A mediodía del 12 de febrero de 1817 se declaró derrotado el ejército español, mandado por el coronel de Talaveras don Rafael Maroto, que no alcanzó a reunir en el campo de batalla 1.500 hombres, porque las estratagemas de San Martín, dirigidas desde Mendoza, habían tenido engañado a Marcó acerca del punto por donde sería invadido Chile por el ejército de los Andes. La infantería, en su mayor parte, fue muerta o prisionera, por el gran despoblado en que tuvo lugar la batalla, y por ser perseguida en su derrota por cinco escuadrones de caballería, intactos y perfectamente montados.

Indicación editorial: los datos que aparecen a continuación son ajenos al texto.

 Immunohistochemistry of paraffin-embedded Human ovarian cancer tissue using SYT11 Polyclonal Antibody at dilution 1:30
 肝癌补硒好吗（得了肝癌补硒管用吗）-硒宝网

Los primeros rumores del triunfo de los patriotas se empezaron a difundir en Santiago entre cuatro o cinco de la tarde, pero los realistas tuvieron cuidado de desfigurarlos, hasta atribuirse la victoria. Sólo a las ocho de la noche para nadie era dudoso que el triunfo era de San Martín.

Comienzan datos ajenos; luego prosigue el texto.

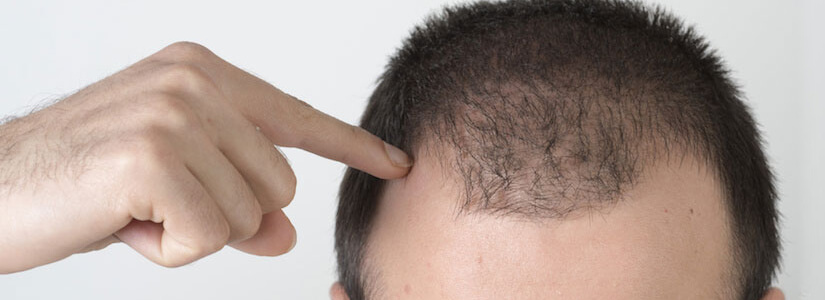Reasons for Hair loss in men under 25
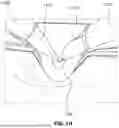 Fig. 09 - INTERFACING STRUCTURE FOR EYEWEAR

A esas horas se mandó iluminar la ciudad, y todo el mundo, con deseos opuestos, ocupaba las puertas de calle, pero sin que nadie se atreviera a comunicarse con sus amigos o vecinos en voz perceptible. El miedo todo lo dominaba, a pesar de que los terribles Talaveras no dejaban, por su ausencia, oír sus amables interjecciones, que habían formado escuela en muchos chilenos, y que desde entonces se nos han hecho familiares.

A las once, puede asegurarse que había desaparecido de Santiago toda autoridad alta y baja, pues no sólo habían abandonado la ciudad los militares y empleados civiles, sino también gran número de españoles y chilenos partidarios de aquel Gobierno y más realistas que el rey.

A medianoche la ciudad era un desierto. A esta hora nos dirigimos con gran cautela a la plaza de Armas, donde advertimos un grupo movedizo en la puerta del palacio de Marcó, que ha sido retocado hace poco por el Intendente Vicuña Mackenna.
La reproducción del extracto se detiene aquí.